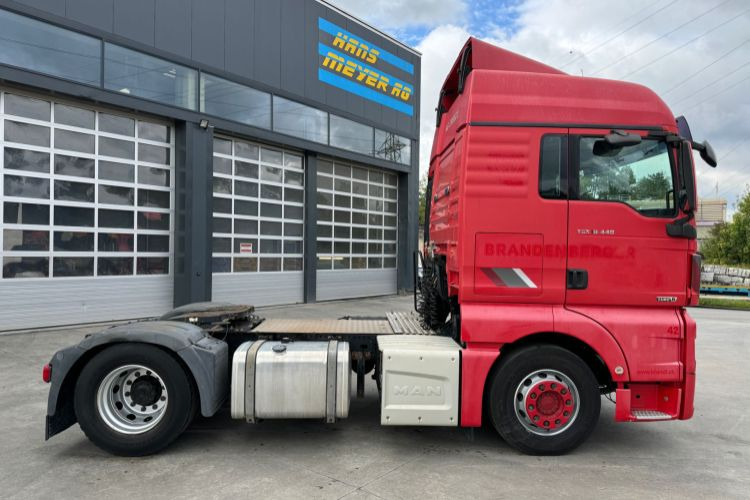 MAN TGX 18.440 XL C1452 - Tegljač: slika 4 MAN TGX 18.440 XL C1452 - Tegljač: slika 4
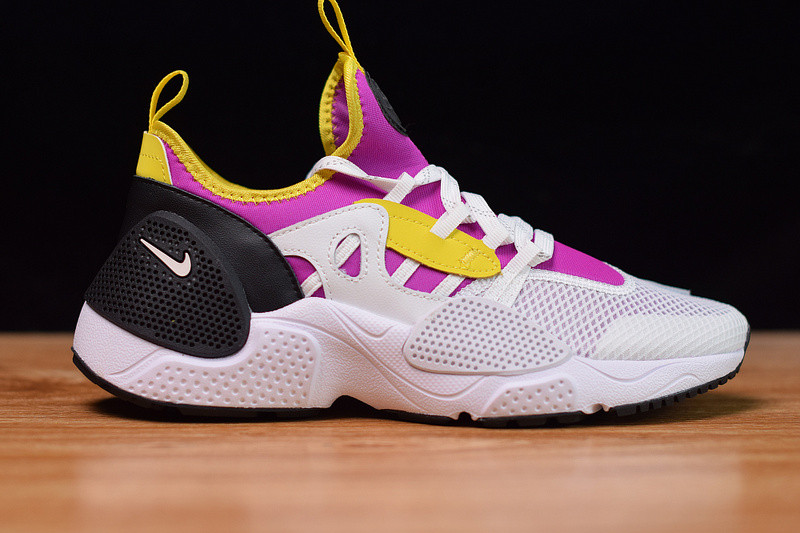 nike air huarache edge txt ''magenta yellow'' bq5206-500 nike air huarache edge txt ''magenta yellow'' bq5206-500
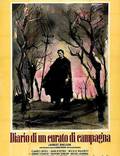Постер из фильма "Дневник сельского священника" - 1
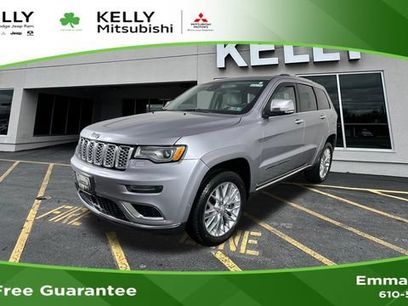 Used 2018 Jeep Grand Cherokee Summit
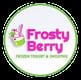 Frosty Berry Yogurt & Smoothies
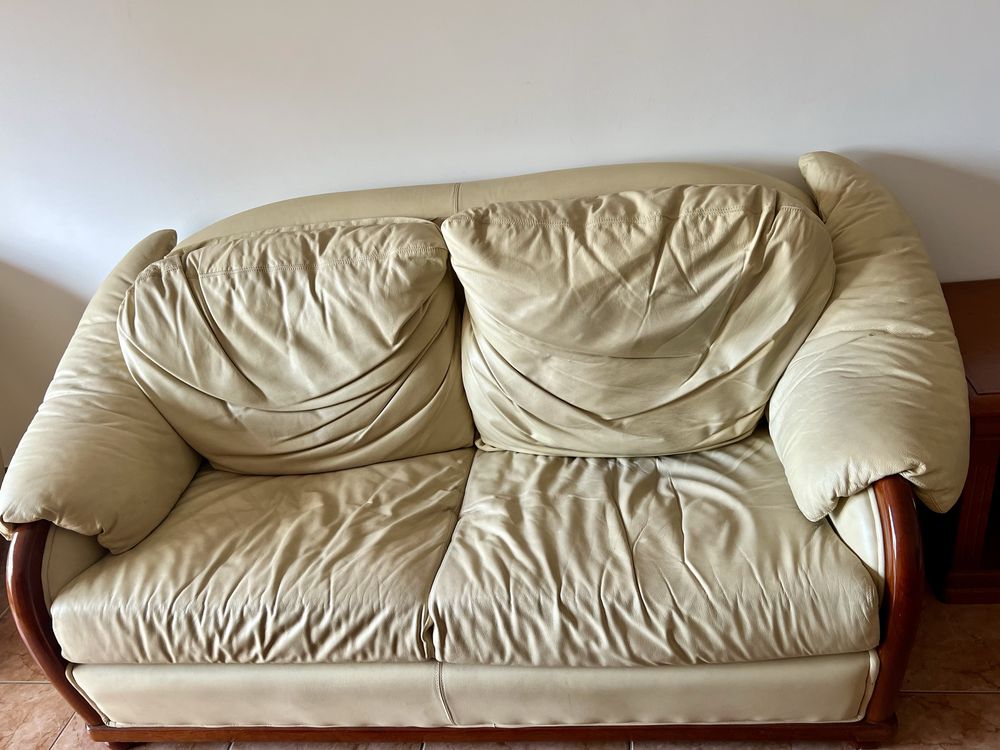 Conjunto de sofás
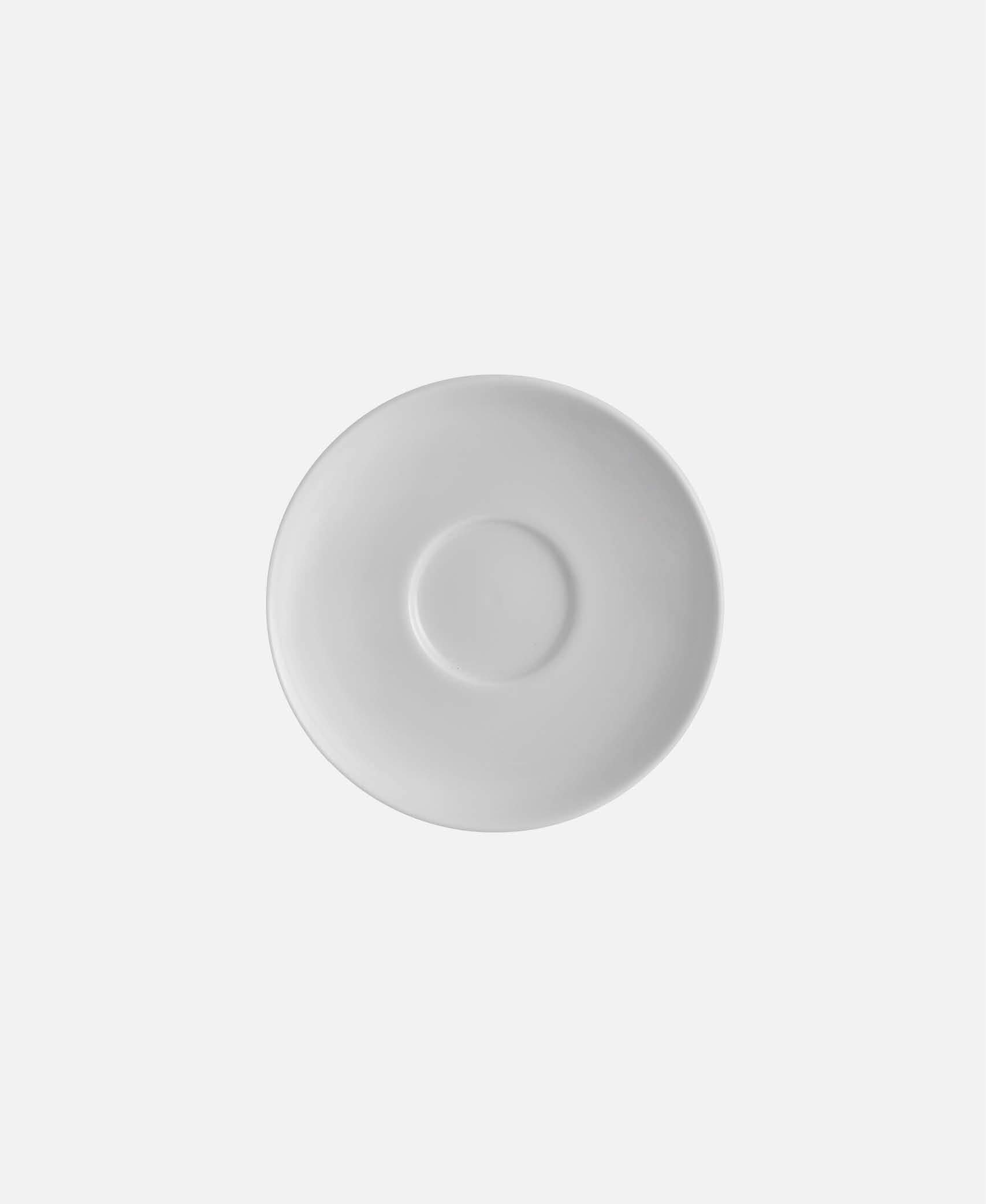 Plato Moka Estoril - Blanco Ø 10 cm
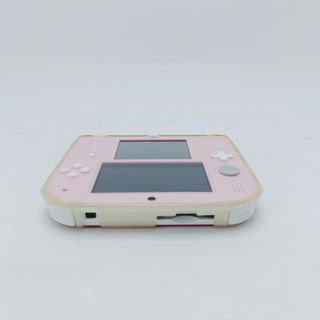 Nintendo 2DS Rosa console portatile completa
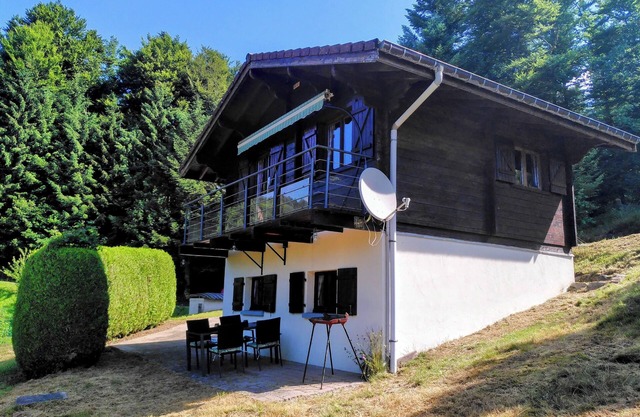 CHALET nature 4 people 350 à 450 €/week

WHAT IS EXPECTED => Any picture in the listing is to be omitted. Return exactly the lines from the one containing "Постер из фильма" through its last line, both included, and only those.

SOLUTION =>
Постер из фильма "Дневник сельского священника" - 1
 Used 2018 Jeep Grand Cherokee Summit
 Frosty Berry Yogurt & Smoothies
 Conjunto de sofás
 Plato Moka Estoril - Blanco Ø 10 cm
 Nintendo 2DS Rosa console portatile completa
 CHALET nature 4 people 350 à 450 €/week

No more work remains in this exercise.